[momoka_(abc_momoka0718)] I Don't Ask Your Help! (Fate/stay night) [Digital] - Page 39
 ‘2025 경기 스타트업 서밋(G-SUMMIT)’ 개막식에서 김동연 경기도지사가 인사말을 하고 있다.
##############################
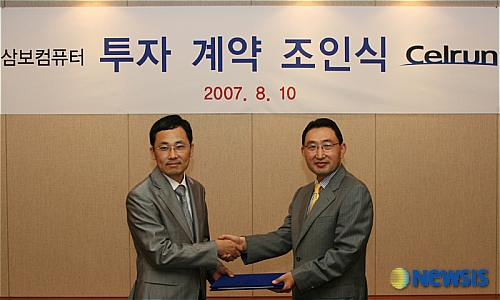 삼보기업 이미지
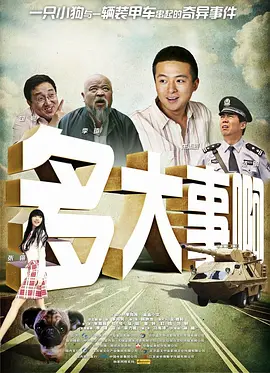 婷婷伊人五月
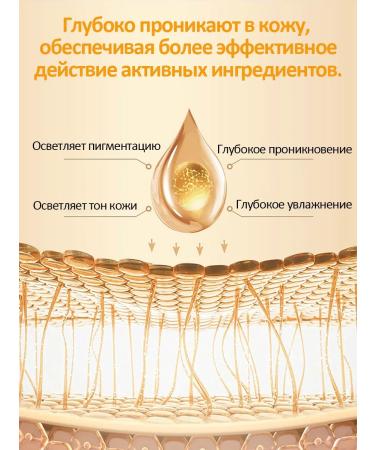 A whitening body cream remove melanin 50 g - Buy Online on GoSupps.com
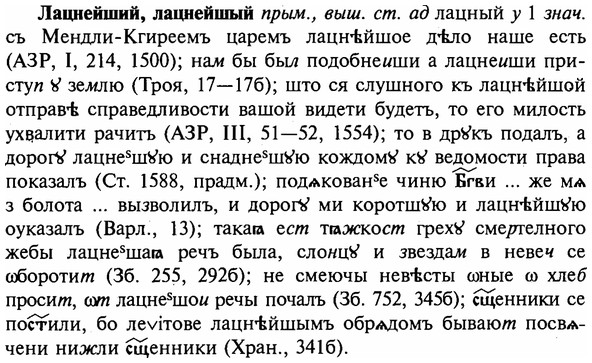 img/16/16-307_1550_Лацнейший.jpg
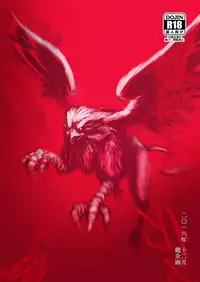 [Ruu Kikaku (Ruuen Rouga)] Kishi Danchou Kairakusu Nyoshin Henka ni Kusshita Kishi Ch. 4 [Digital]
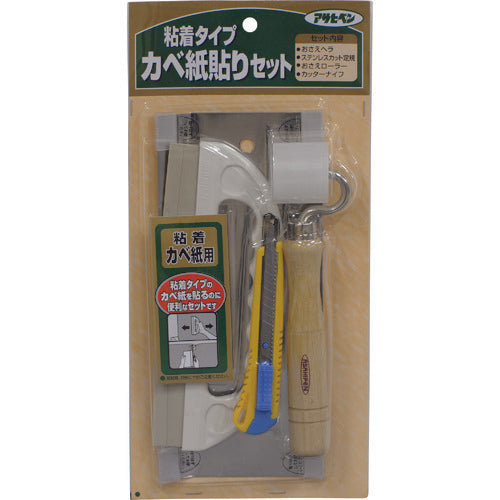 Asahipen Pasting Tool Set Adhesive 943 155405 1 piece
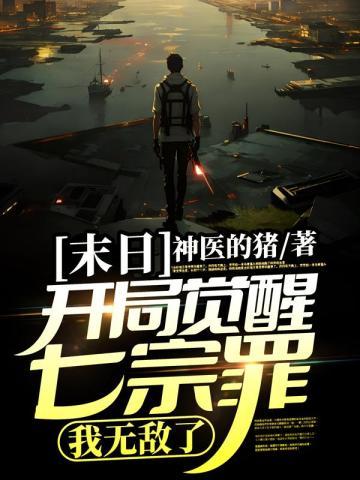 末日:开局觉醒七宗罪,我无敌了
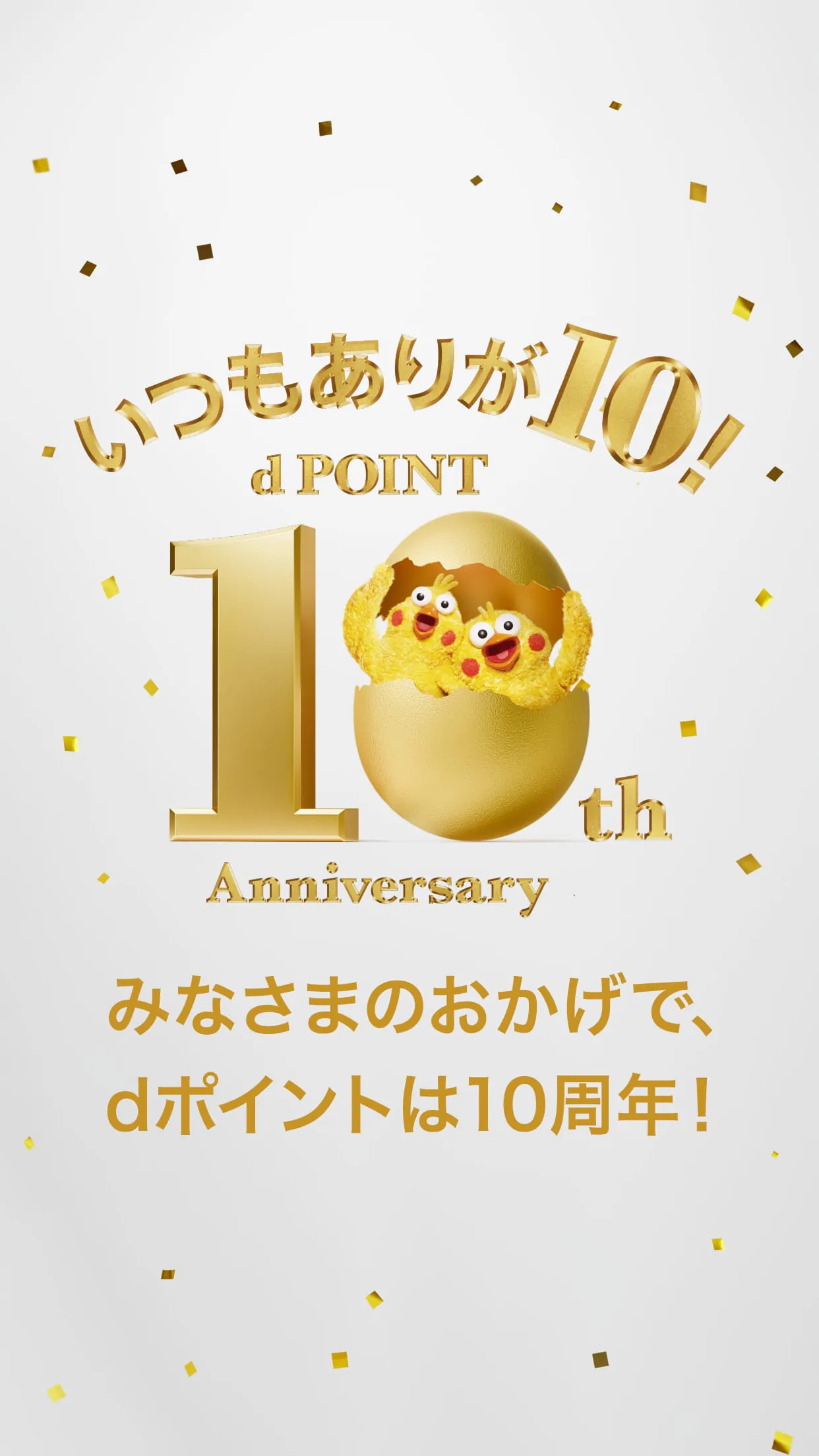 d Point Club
##############################
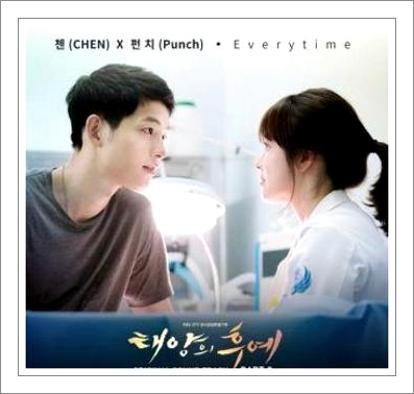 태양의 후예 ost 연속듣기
##############################
▶ DIRECTIONS
Please return the data above exactly as it stands from the line with "Asahipen Pasting Tool" to the line with "d Point Club", keeping both of those lines but none of the pictures.

▶ REPLY TO THE TASK
 Asahipen Pasting Tool Set Adhesive 943 155405 1 piece
 末日:开局觉醒七宗罪,我无敌了
 d Point Club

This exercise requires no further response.